Coinbase is close to launching its Initial Public Offering (IPO) on the stock market, and just as dramatically, a journalist has been accusing the crypto exchange of racial bias.

The fight between tech journalists and start-ups rages on. 

Silicon Valley may have brought hoodies into the conference rooms, but there are still certain boundaries that managers mustn’t cross—racism ranks top among them. 

Thus, journalists play a critical role in highlighting unfair practices. 

A second New York Times article continues allegations that Coinbase has been underpaying people of color and women. The article revealed that female and black employees were paid 8% and 7% less than their white counterparts. 



















Popper has been reporting discriminatory practices at the company since last month, pointing out that it is more pronounced than the rest of the tech industry. He wrote in his latest article: 

“The pay disparities at Coinbase appear to be much larger than those in the tech industry as a whole, and at the few other tech companies that have had to release data.”

Balaji Srinivasan, the former CTO of Coinbase and venture capitalist who does not shy away from picking a bone with journalists, came forward in Coinbase’s defense. He tweeted that, “most of the executives at Coinbase are women and people of color!” 

Further, Srinivasan presented statistics from the field of tech journalism. He concluded that the tech side is far more inclusive than the reporting world. 

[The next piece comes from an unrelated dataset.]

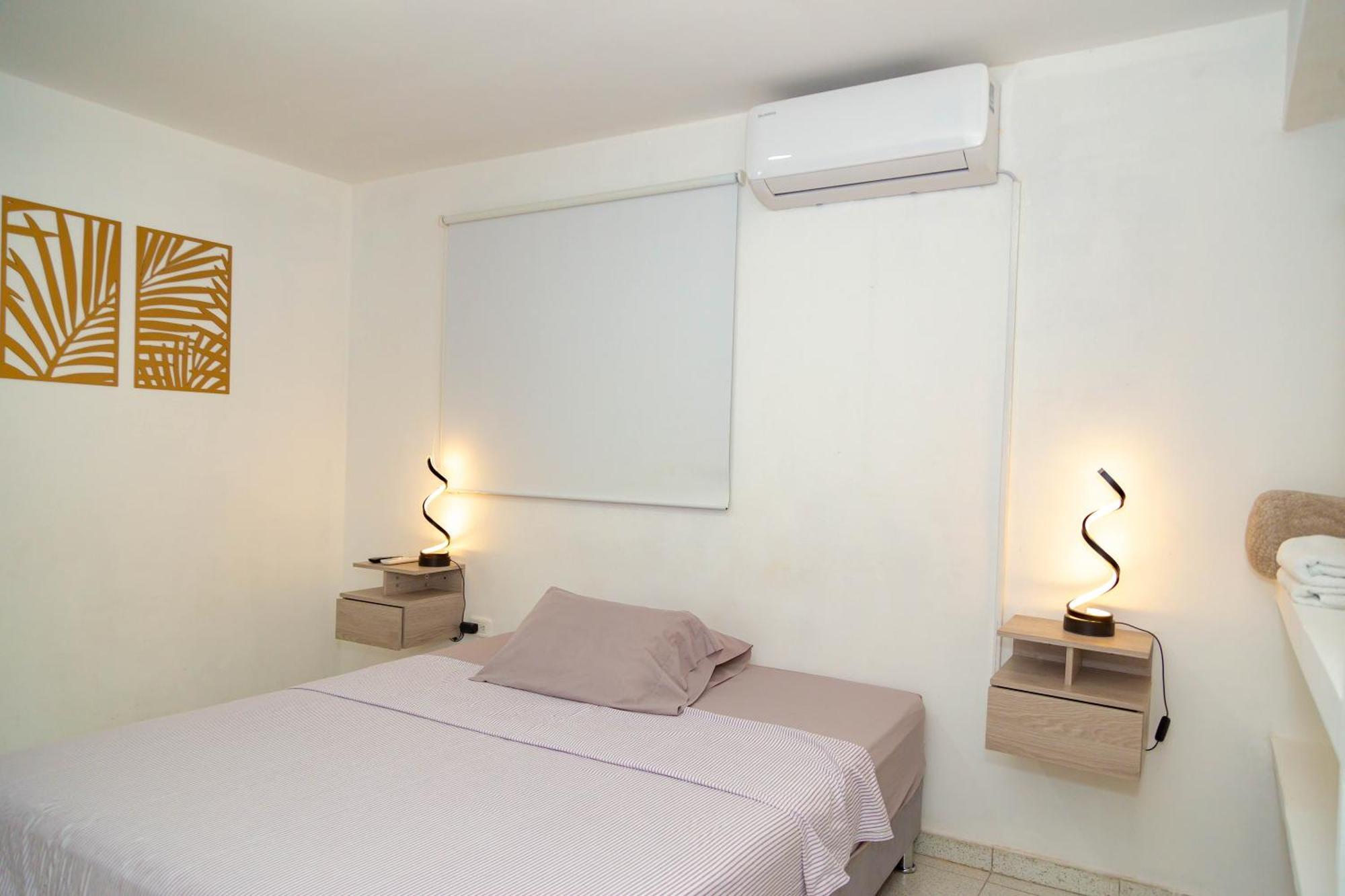 Apartamento Javi's Cartagena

Citing the example of NYT’s crypto team, Srinivasan alleged the publication of racial bias, even attacking Poppers’ competency as a crypto reporter. 









A political attack during the heat of the Black Lives Matter movement in the U.S. could greatly tarnish the company’s image ahead of its IPO launch

Coinbase hasn’t responded to the article yet. Its CEO Brian Armstrong, who defended his company the previous two occasions, has also refrained from making public comments.